POLITICS

Athens wary of VMRO comeback

Athens wary of VMRO comeback

The expected victory of the center-right nationalist VMRO-DPMNE party in North Macedonia’s presidential and parliamentary elections is worrying Greek officials, who do not know how far the new government will go towards questioning, or even repudiating, the 2018 Prespa Agreement, which put an end to nearly 30 years of tension between the two countries over the name “Macedonia,” which Greeks considered an outright (mis-) appropriation, not only of the geographical entity but of the heritage of the ancient Greek Kingdom of Macedonia.

North Macedonia’s presidential election runoff and the parliamentary election will both take place on Wednesday, May 8. Gordana-Siljanovska-Davkova, the VMRO-DPMNE candidate for the largely ceremonial post of president, got more than double the votes of Social Democrat incumbent Stevo Pendarovski in the first round, on April 24.

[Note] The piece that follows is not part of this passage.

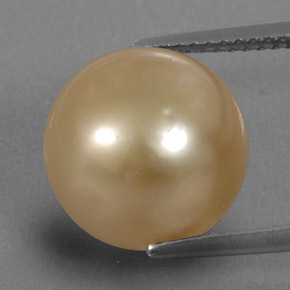 Perla Dorato naturale da 12.36 ct, Sfera, Opaco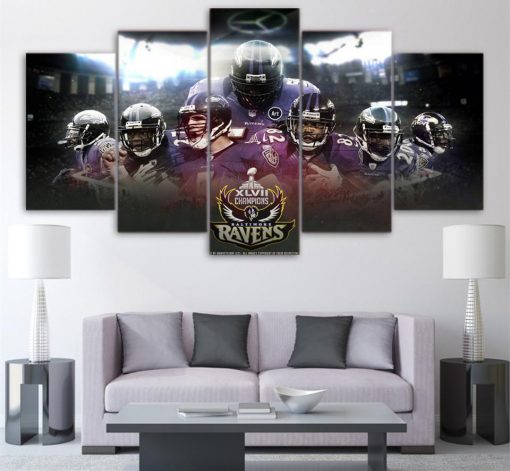 22611-NF Baltimore Ravens Champion Poster Football - 5 Panel Canvas Art Wall Decor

A renewed crisis with North Macedonia would come at a moment when Greece’s relations with some of its Balkan neighbors are tricky: the imprisonment of ethnic Greek mayor-elect Fredi Beleri in Albania, an expiring water diversion agreement with Bulgaria and the issue of Kosovo independence with Serbia are all obstacles to smooth relations.

But political analyst and journalist Atanas Kirovski is confident that VMRO leader Hristijan Mickoski will not touch the Prespa Agreement despite his criticism. He is a mainstream conservative with good relations with the German Christian Democrats, he tells Kathimerini. Actually, Kirovski says, it is North Macedonia’s relations with Bulgaria that are fraught, not those with Greece.